#### [What is being asked]
What is needed is an exact copy of the entries, with the pictures excluded.

#### [Data extract]
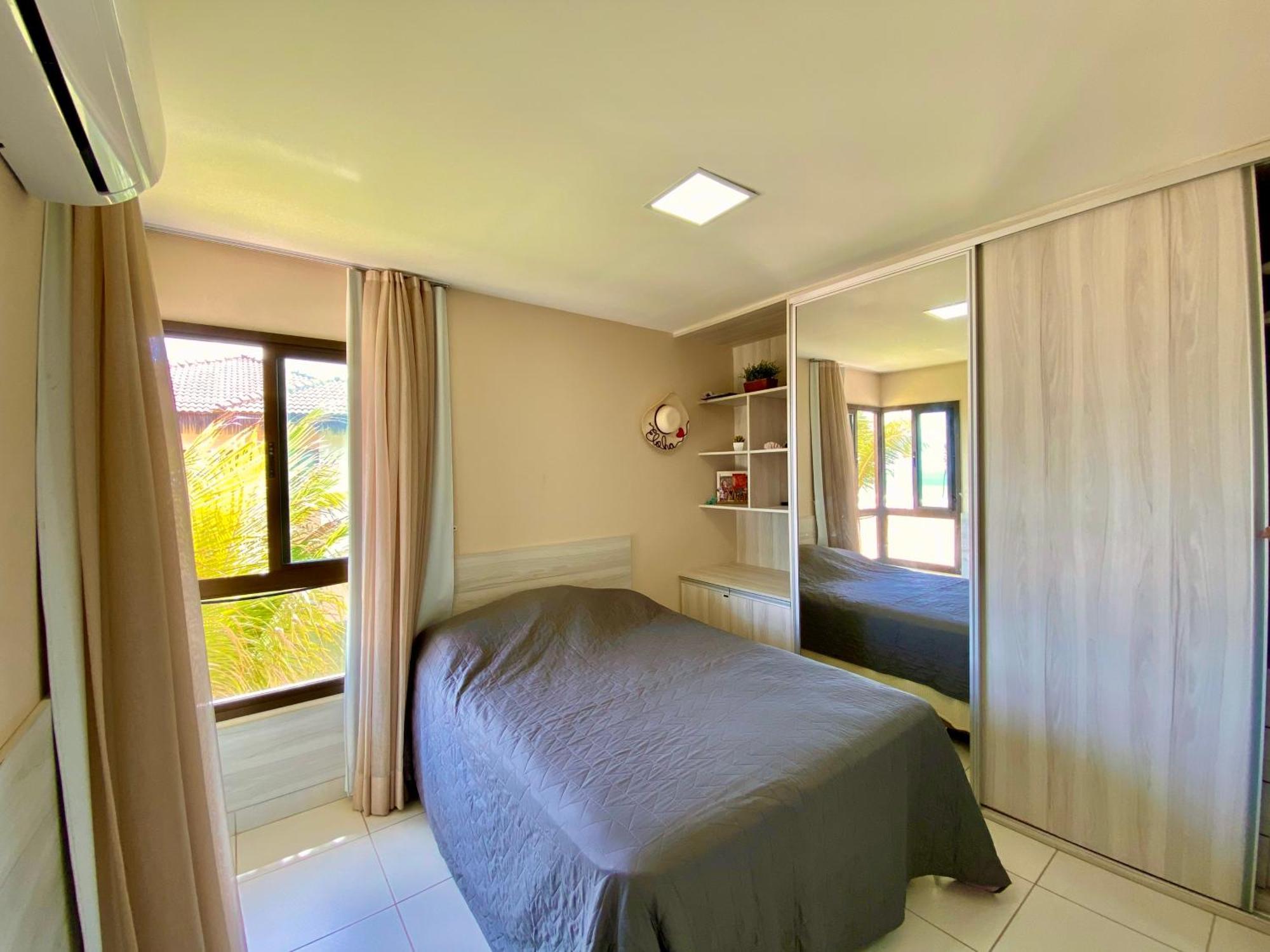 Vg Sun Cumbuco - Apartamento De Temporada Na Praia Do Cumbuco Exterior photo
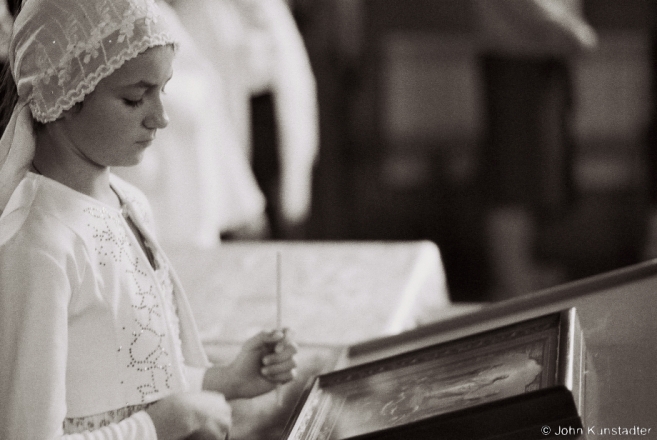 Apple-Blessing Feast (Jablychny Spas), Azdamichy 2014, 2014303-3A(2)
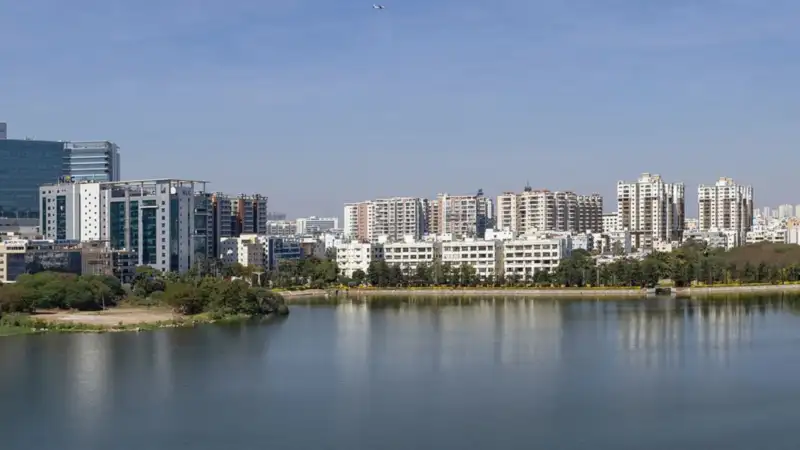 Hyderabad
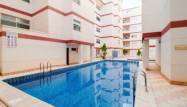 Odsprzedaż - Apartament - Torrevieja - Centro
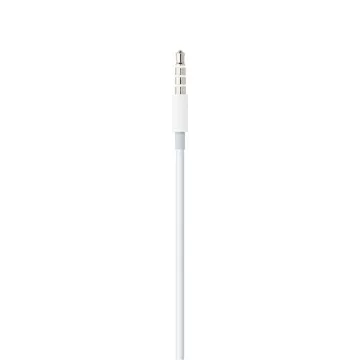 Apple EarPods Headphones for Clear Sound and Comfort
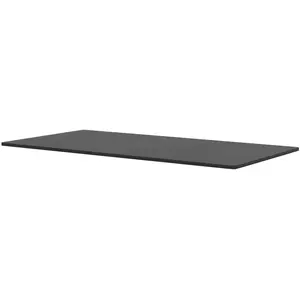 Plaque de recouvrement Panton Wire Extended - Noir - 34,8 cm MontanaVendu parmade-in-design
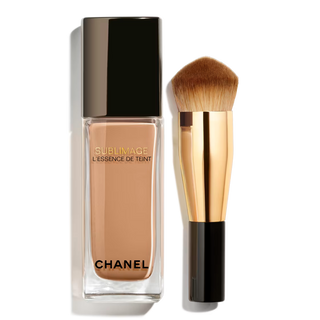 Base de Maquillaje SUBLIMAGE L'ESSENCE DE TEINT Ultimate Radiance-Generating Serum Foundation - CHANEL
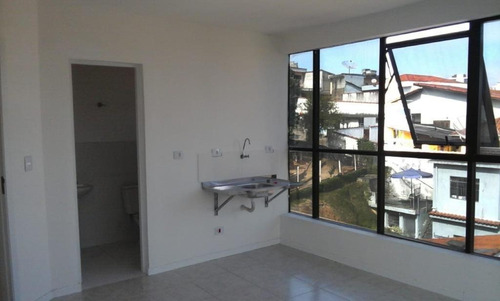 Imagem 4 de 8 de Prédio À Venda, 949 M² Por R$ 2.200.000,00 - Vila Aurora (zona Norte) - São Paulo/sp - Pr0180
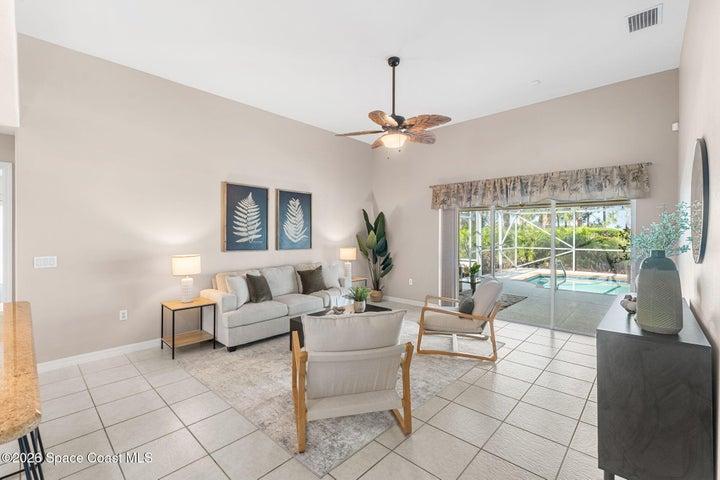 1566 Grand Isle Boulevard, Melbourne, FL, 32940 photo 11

#### [Reply to the task]
 Vg Sun Cumbuco - Apartamento De Temporada Na Praia Do Cumbuco Exterior photo
 Apple-Blessing Feast (Jablychny Spas), Azdamichy 2014, 2014303-3A(2)
 Hyderabad
 Odsprzedaż - Apartament - Torrevieja - Centro
 Apple EarPods Headphones for Clear Sound and Comfort
 Plaque de recouvrement Panton Wire Extended - Noir - 34,8 cm MontanaVendu parmade-in-design
 Base de Maquillaje SUBLIMAGE L'ESSENCE DE TEINT Ultimate Radiance-Generating Serum Foundation - CHANEL
 Imagem 4 de 8 de Prédio À Venda, 949 M² Por R$ 2.200.000,00 - Vila Aurora (zona Norte) - São Paulo/sp - Pr0180
 1566 Grand Isle Boulevard, Melbourne, FL, 32940 photo 11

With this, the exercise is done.